-- Assignment --
Word for word and without images, transcribe all of the records.

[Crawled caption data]
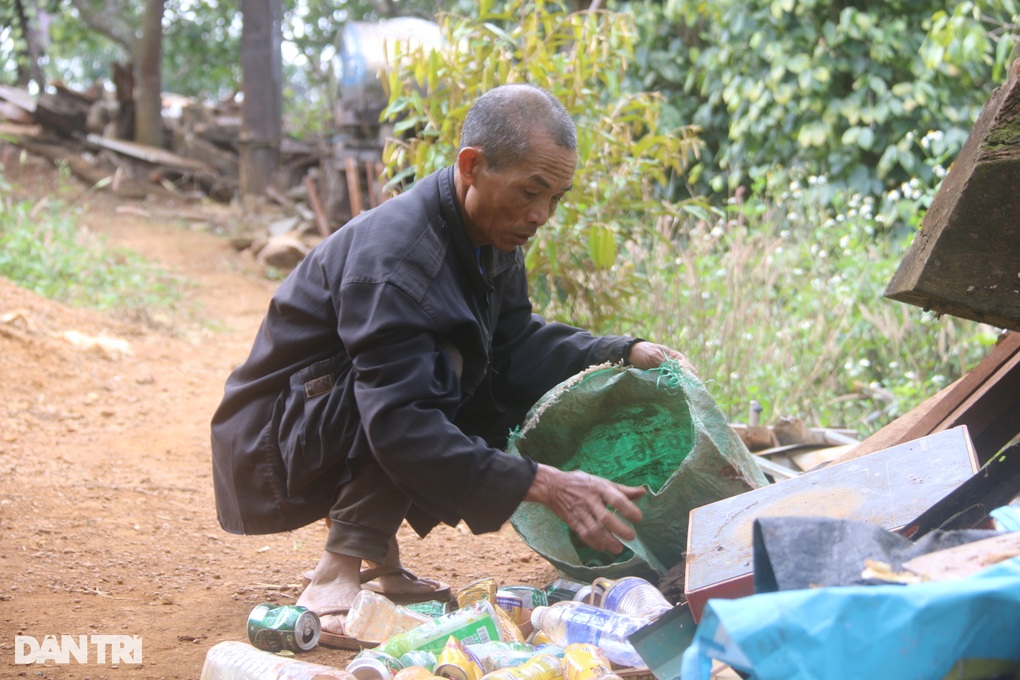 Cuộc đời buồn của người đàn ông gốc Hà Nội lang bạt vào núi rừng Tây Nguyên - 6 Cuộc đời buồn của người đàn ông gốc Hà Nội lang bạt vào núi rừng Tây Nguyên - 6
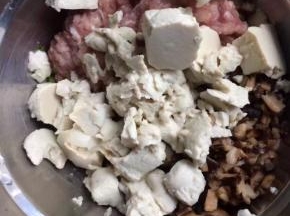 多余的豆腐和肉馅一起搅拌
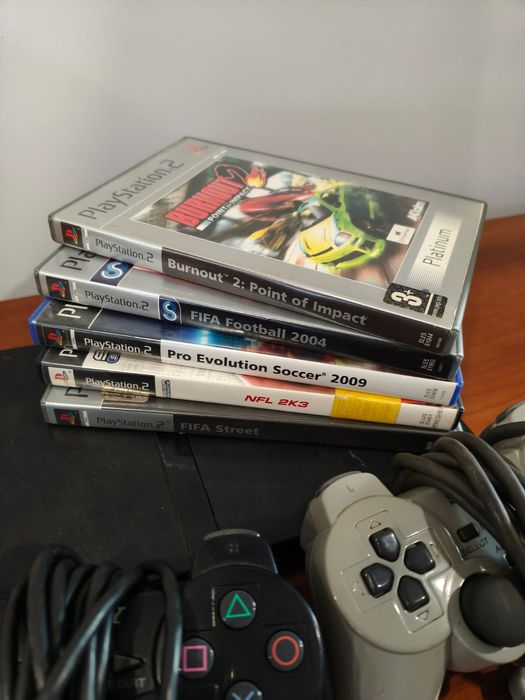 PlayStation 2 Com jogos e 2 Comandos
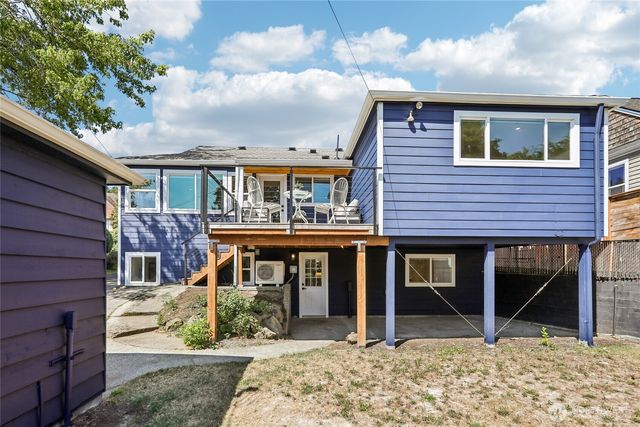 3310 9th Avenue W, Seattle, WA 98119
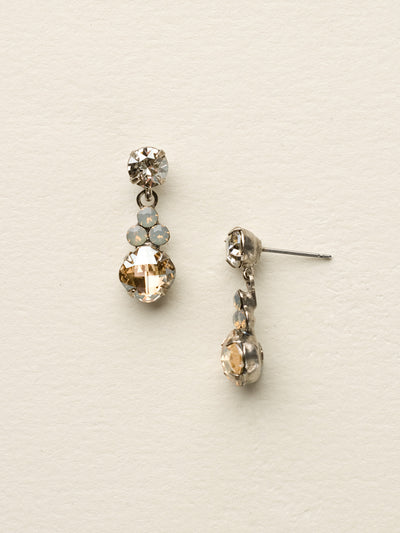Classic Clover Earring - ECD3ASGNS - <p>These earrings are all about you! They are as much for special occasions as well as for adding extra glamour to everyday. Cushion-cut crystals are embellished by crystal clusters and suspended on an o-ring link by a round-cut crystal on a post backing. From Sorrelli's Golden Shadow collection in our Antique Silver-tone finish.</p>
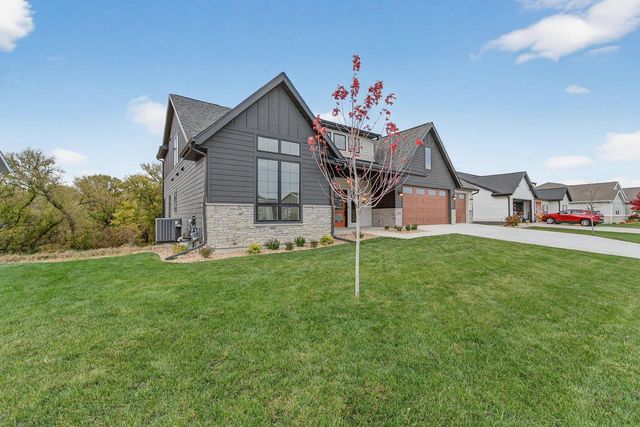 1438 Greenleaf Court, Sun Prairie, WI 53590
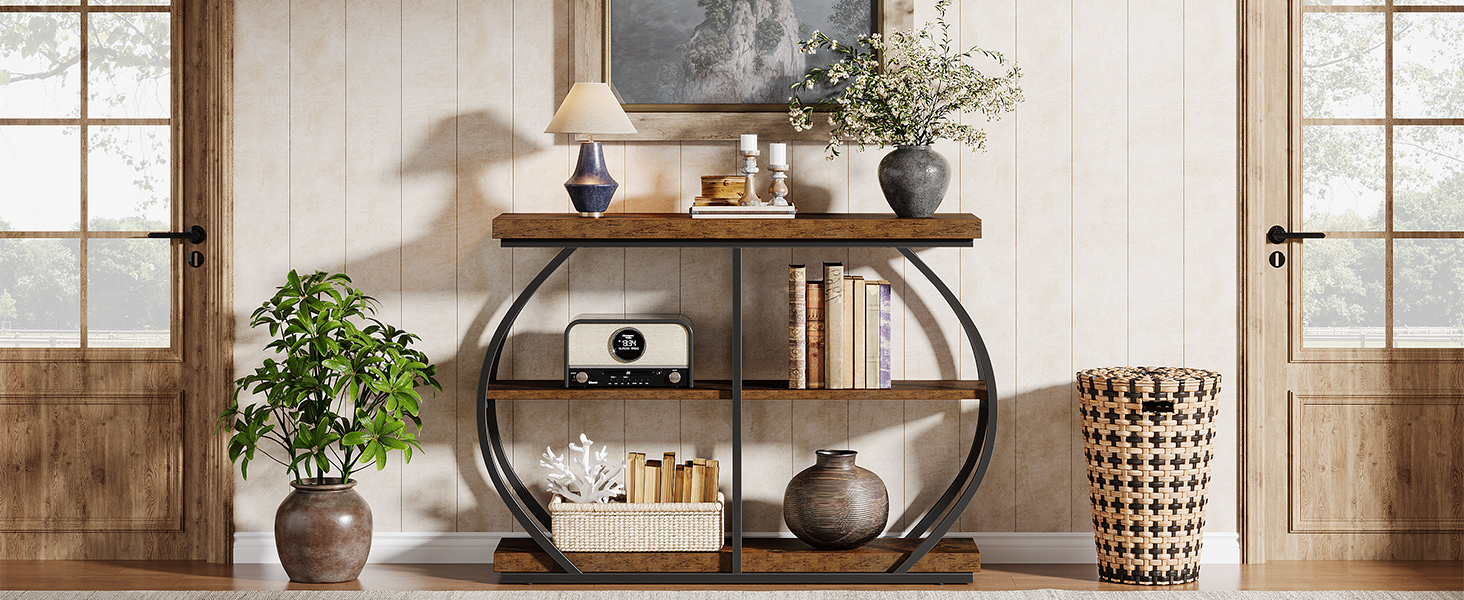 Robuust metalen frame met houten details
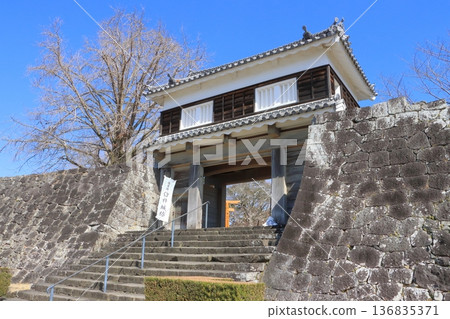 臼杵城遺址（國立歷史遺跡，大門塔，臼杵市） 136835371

-- Response for this exercise --
 Cuộc đời buồn của người đàn ông gốc Hà Nội lang bạt vào núi rừng Tây Nguyên - 6 Cuộc đời buồn của người đàn ông gốc Hà Nội lang bạt vào núi rừng Tây Nguyên - 6
 多余的豆腐和肉馅一起搅拌
 PlayStation 2 Com jogos e 2 Comandos
 3310 9th Avenue W, Seattle, WA 98119
Classic Clover Earring - ECD3ASGNS - <p>These earrings are all about you! They are as much for special occasions as well as for adding extra glamour to everyday. Cushion-cut crystals are embellished by crystal clusters and suspended on an o-ring link by a round-cut crystal on a post backing. From Sorrelli's Golden Shadow collection in our Antique Silver-tone finish.</p>
 1438 Greenleaf Court, Sun Prairie, WI 53590
 Robuust metalen frame met houten details
 臼杵城遺址（國立歷史遺跡，大門塔，臼杵市） 136835371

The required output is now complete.